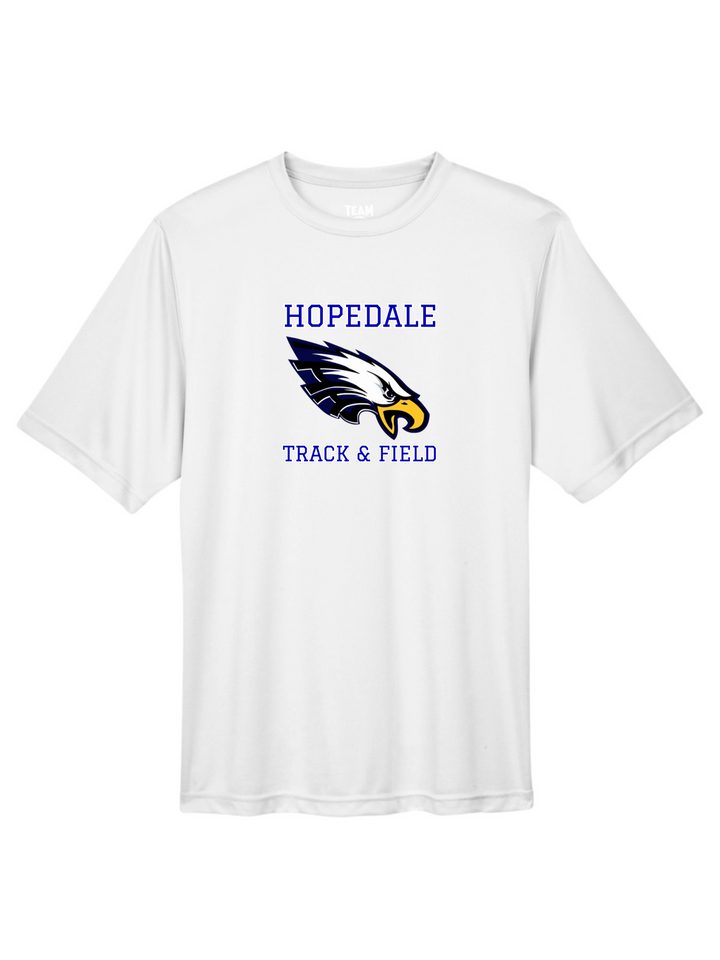 Hopedale Track and Field - Men's Performance T-Shirt (TT11)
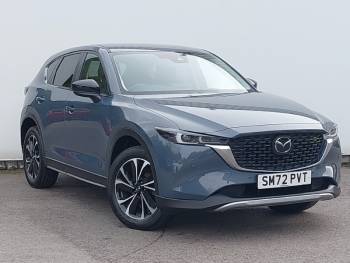 2023 (72) Mazda Cx-5 2.0 Newground 5dr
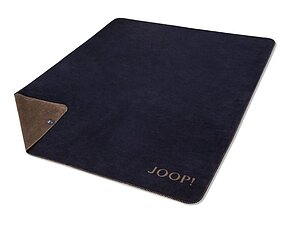 ���� Biederlack Joop! Marine-karamell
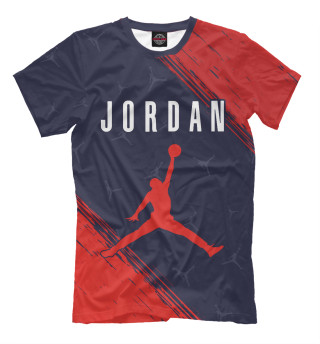 Мужская футболка Air Jordan (Аир Джордан)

▶ **ABOUT THIS TASK**
Since the pictures are not wanted, transcribe only the rest of the material above, exactly as it stands.

▶ **SOLUTION FOR THIS EXERCISE**
 Hopedale Track and Field - Men's Performance T-Shirt (TT11)
 2023 (72) Mazda Cx-5 2.0 Newground 5dr
 ���� Biederlack Joop! Marine-karamell
 Мужская футболка Air Jordan (Аир Джордан)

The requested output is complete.